In February, 1829, Henly Clyburn left Ottawa, Ill., with his wife, Sarah, and her family to settle in what is now LaPorte County.

Sarah's father, Stephen Benedict, had died the year before, and according to custom, her brothers were to be "bound out," given homes with friends and relatives in return for the work they could do. Faced with family disintegration, Sarah's mother sought a new home elsewhere. Clyburn recommended the area of "La Porte," the door, a natural opening through the timber from one beautiful prairie to another. He had passed and passed again through the door on trips to visit relatives in Niles, Michigan.

The journey of Clyburn and the Benedict family was a severe undertaking. It was a bitterly cold February, and the travelers encountered blinding snowstorms almost daily as they plodded their way with ox teams. The cold froze the pioneers' faces. Some days, sleet and snow filled the lead oxen's eyes and it could not see. The leaders were placed behind until the new leaders could no longer see. Sometimes the wagon broke through the crust of snow, and the travelers extricated it by prying the wheels out with their bedrails. When they arrived here, 15 inches of snow covered the ground.

It was March 15, and the family established a camp, feeding trees branches and whatever prairie grass they could find of their cattle. Henly Clyburn, with the help of the Benedict boys, set out to build a cabin. By most accounts, it was the first white settlement in LaPorte County. It was also the beginning of Westville.

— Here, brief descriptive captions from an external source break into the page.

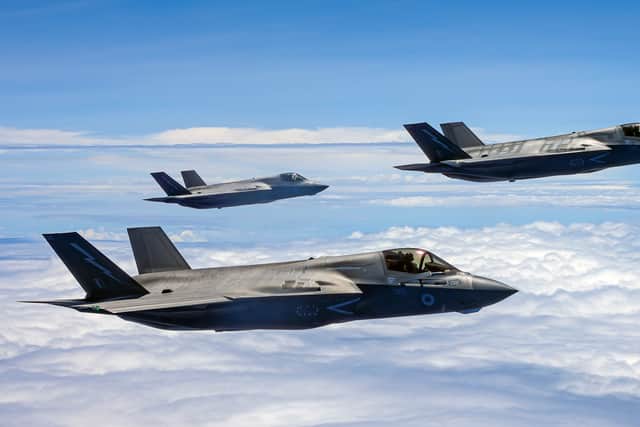 Three 617 Squadron F-35B, Lightning II jets over the pacific during Operation Hightower.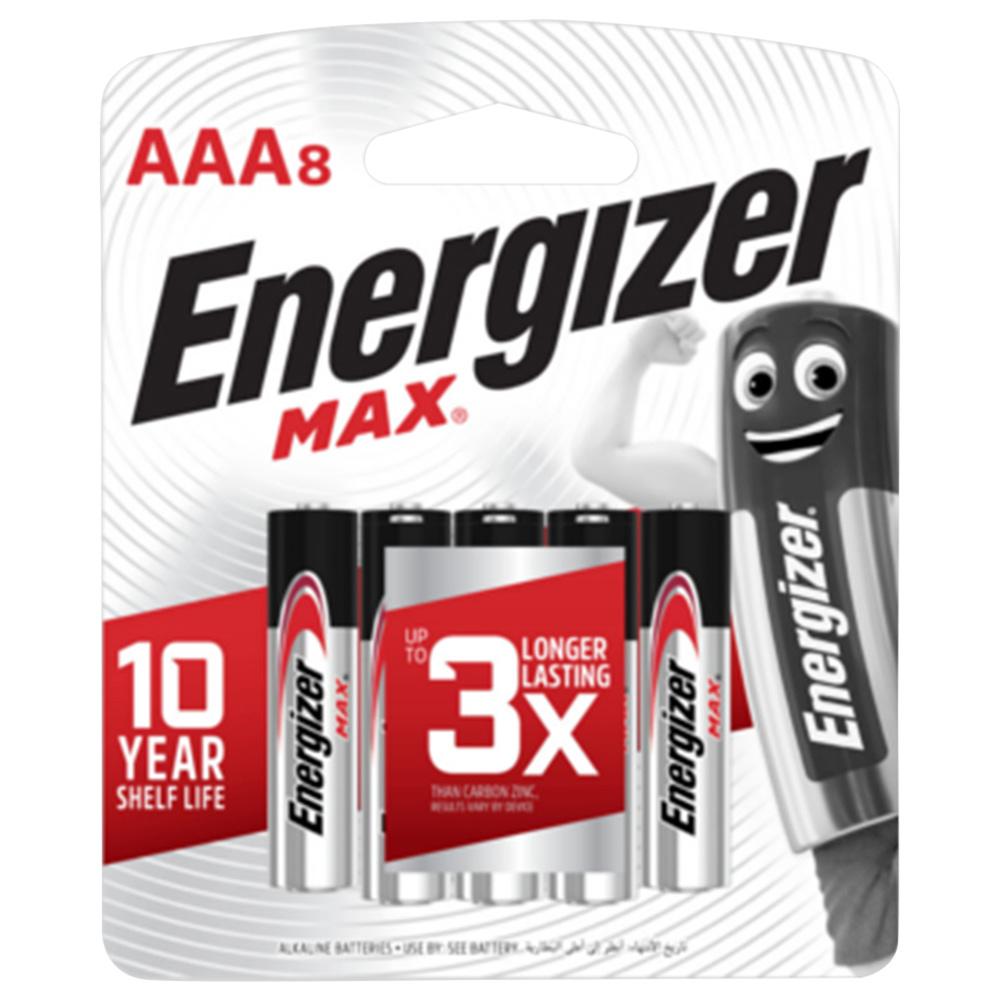 بطارية E92BP8 انرجايزر 1.5 فولط 8 قطع Energizer AAA E92BP8 Max 1.5V Alkaline Battery Pack of 8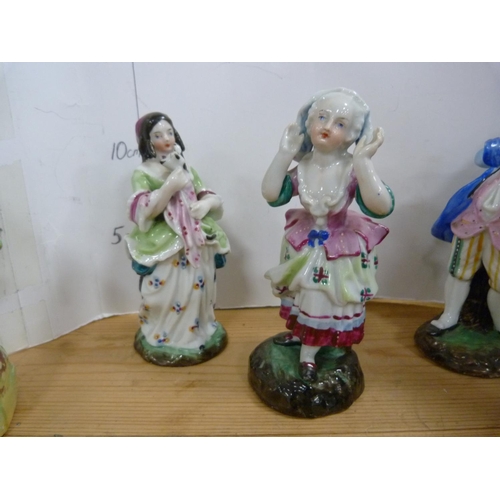 173 - Assorted early 20th century continental porcelain figure modelled as male and female musicians, figu... 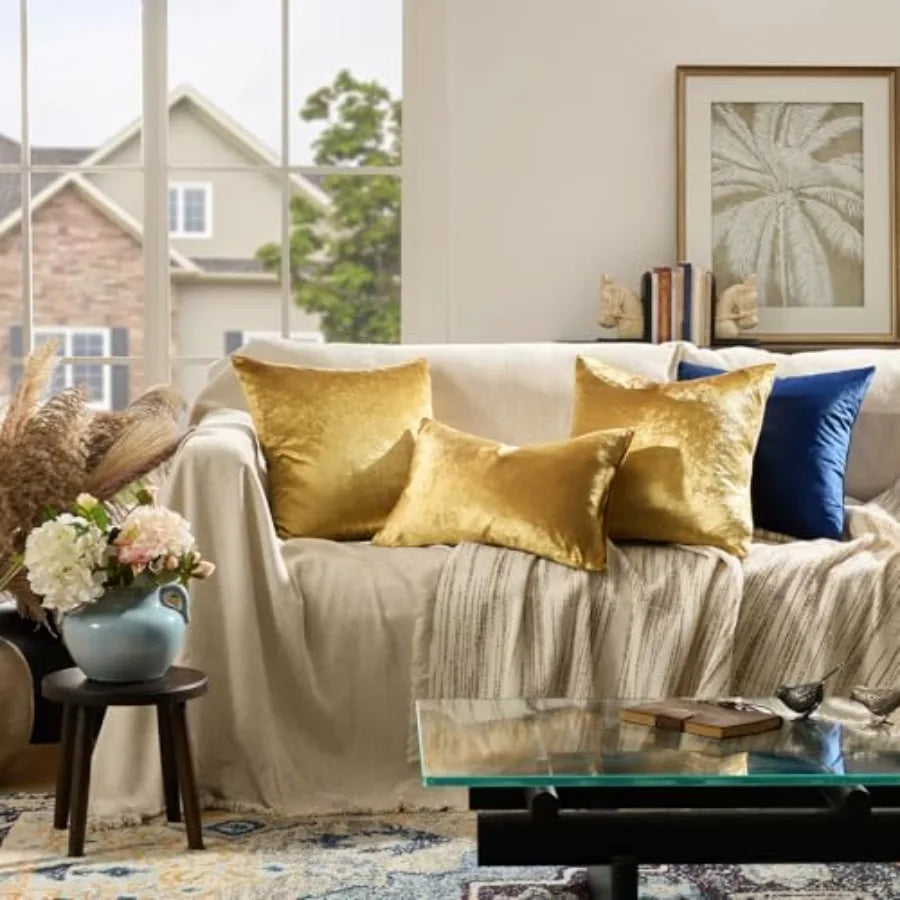 Velvet Decorative Throw Pillow Covers 2 Pack For Couch Sofa Bed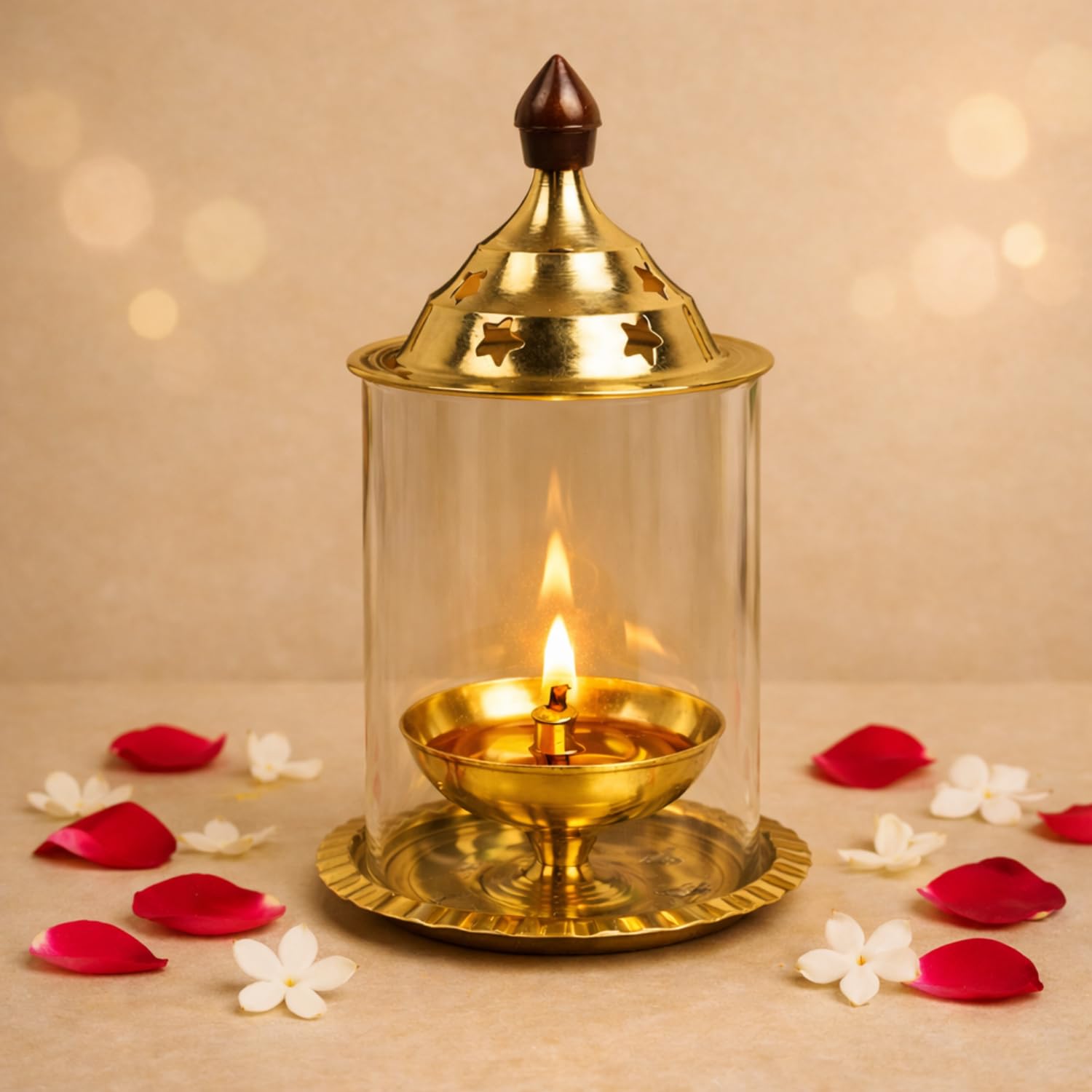 ServDharm Akhand Diya (Medium 6 Inch; 15 cm , Brass)-image-34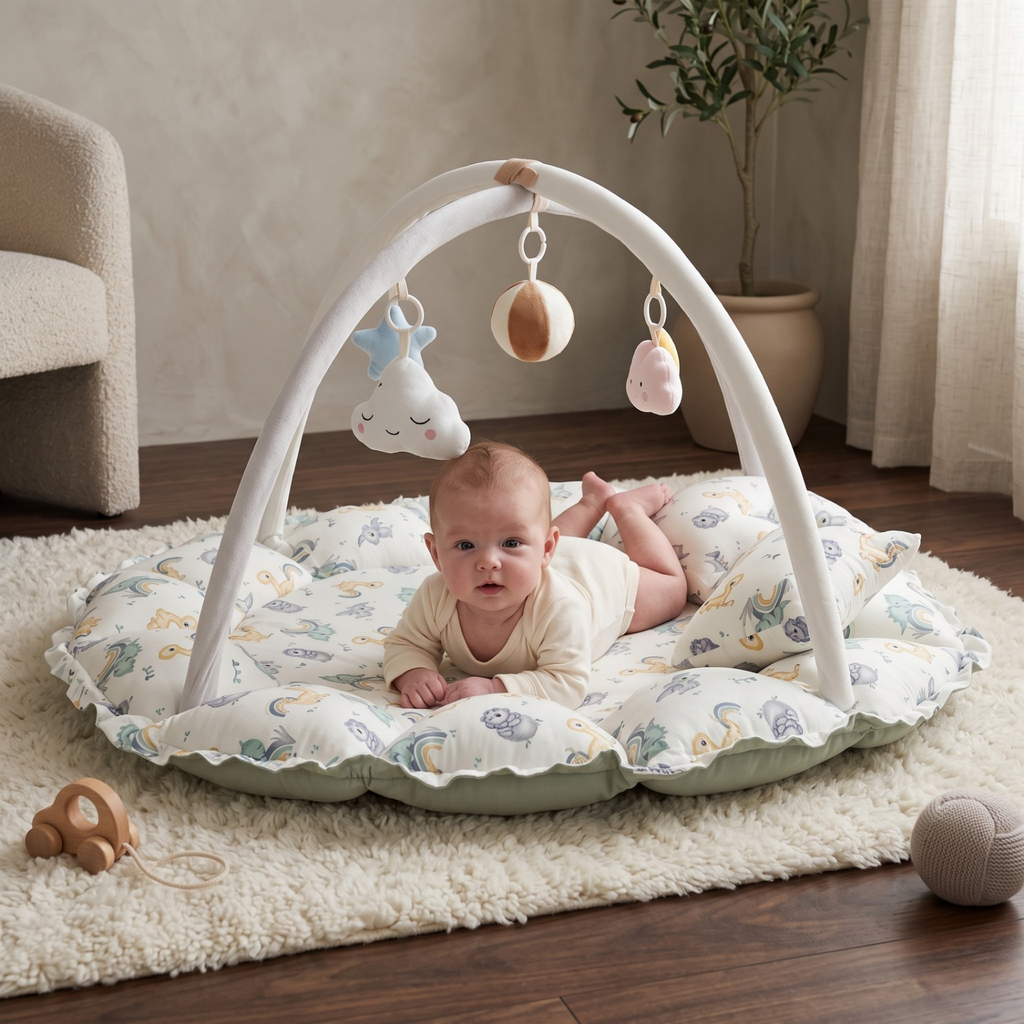 Baby Play Gym with Cushioned Nest & Toys – Kidoriko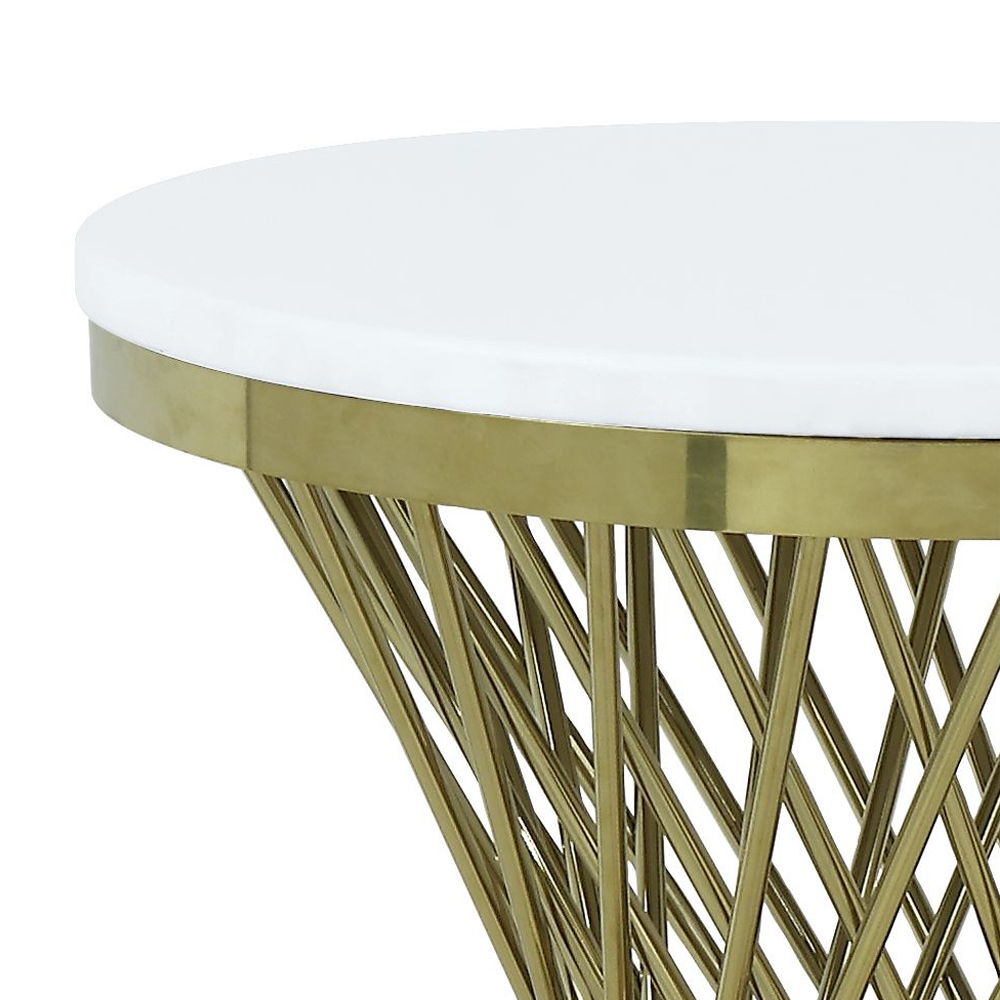 ACME Fallon - End Table With Engineered Stone Top - Gold | Meri Furniture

Those settlers helped make Westville's New Durham Township, one of the county's original three, along with Kankakee and Scipio. The widow Benedict was given the honor of naming the new territory and she choose the name New Durham in honor of her birthplace, Durham, New York.

In July of that first year, Elizabeth Miriam Clyburn was born to Henly and Sarah. She was the first white child born in the county.

News spread of the pleasant country and its good land and more settlers were drawn. The first were William Eahart and Samuel Johnson from Niles, where Henly had taken his grain to be milled. Jacod Inglewright also came here from near Niles during the first year.